Several large astronomical surveys, such as the Dark Energy Survey, the Large Synoptic Survey Telescope, and the HyperSuprimeCam survey, will try to measure cosmic shear in the coming years. Weak lensing distortions are so subtle, however, that the same atmospheric effects that cause stars to twinkle at night pose a formidable challenge for cosmic shear measurements. Until now, no ground-based cosmic-shear measurement has been able to completely and provably separate weak lensing effects from the atmospheric distortions.
“The community has been building towards cosmic shear measurements for a number of years now,” says Huff, an astronomer at Berkeley Lab, “but there’s also been some skepticism as to whether they can be done accurately enough to constrain dark energy. Showing that we can achieve the required accuracy with these pathfinding studies is important for the next generation of large surveys.”
To construct dark matter maps, the Berkeley Lab and Fermilab teams used images of galaxies collected between 2000 and 2009 by SDSS surveys I and II, using the Sloan Telescope at Apache Point Observatory in New Mexico. Berkeley Lab also used updated calibrations from SDSS III, which continues today. The galaxies lie within a continuous ribbon of sky known as SDSS Stripe 82, lying along the celestial equator and encompassing 275 square degrees. The galaxy images were captured in multiple passes over many years.
When they compared their final results before the AAS meeting, both teams found somewhat less structure than would have been expected from other measurements such as the Wilkinson Microwave Anisotropy Probe (WMAP), but, says Berkeley Lab’s Huff, “the results are not yet different enough from previous experiments to ring any alarm bells.”

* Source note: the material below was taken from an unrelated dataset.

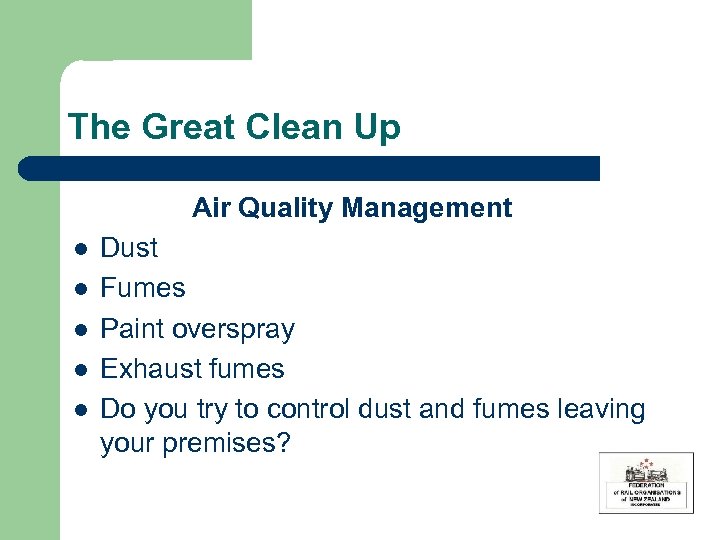 The Great Clean Up Air Quality Management l l l Dust Fumes Paint overspray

Fermilab and University of Chicago scientific papers related to these results are accessible online at the following sites:
- coadd data: http://arxiv.org/abs/1111.6619
- photometric redshifts: http://arxiv.org/abs/1111.6620
- cluster lensing: http://arxiv.org/abs/1111.6621
- cosmic shear: http://arxiv.org/abs/1111.6622
Berkeley Lab and University of California at Berkeley scientific papers related to these results are accessible online at:
- coadd data: http://arxiv.org/abs/1111.6958
- cosmic shear: http://arxiv.org/abs/1112.3143
Lawrence Berkeley National Laboratory addresses the world’s most urgent scientific challenges by advancing sustainable energy, protecting human health, creating new materials, and revealing the origin and fate of the universe. Founded in 1931, Berkeley Lab’s scientific expertise has been recognized with 13 Nobel prizes. The University of California manages Berkeley Lab for the U.S. Department of Energy’s Office of Science. For more, visit www.lbl.gov.

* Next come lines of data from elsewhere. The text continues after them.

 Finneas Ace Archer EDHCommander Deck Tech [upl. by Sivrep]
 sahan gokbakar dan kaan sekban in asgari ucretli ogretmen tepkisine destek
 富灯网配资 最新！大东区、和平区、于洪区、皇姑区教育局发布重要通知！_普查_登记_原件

Fermilab is a national laboratory supported by the Office of Science of the U.S. Department of Energy, operated under contract by Fermi Research Alliance, LLC. Visit Fermilab’s website at http://www.fnal.gov.

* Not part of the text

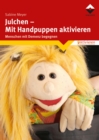 Julchen - Mit Handpuppen aktivieren : Menschen mit Demenz begegnen - eBook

The DOE Office of Science is the single largest supporter of basic research in the physical sciences in the United States, and is working to address some of the most pressing challenges of our time. For more information, please visit http://science.energy.gov.
The National Science Foundation supported this research. For more information, please visit http://www.nsf.gov/.
The Sloan Digital Sky Survey is the most ambitious survey of the sky ever undertaken, involving more than 300 astronomers and engineers at 25 institutions around the world. SDSS-II, which began in 2005 and finished observations in July, 2008, is comprised of three complementary projects.
Funding for the SDSS and SDSS-II has been provided by the Alfred P. Sloan Foundation, the Participating Institutions, the National Science Foundation, the U.S. Department of Energy, the National Aeronautics and Space Administration, the Japanese Monbukagakusho, the Max Planck Society, and the Higher Education Funding Council for England. The SDSS Web Site is http://www.sdss.org/.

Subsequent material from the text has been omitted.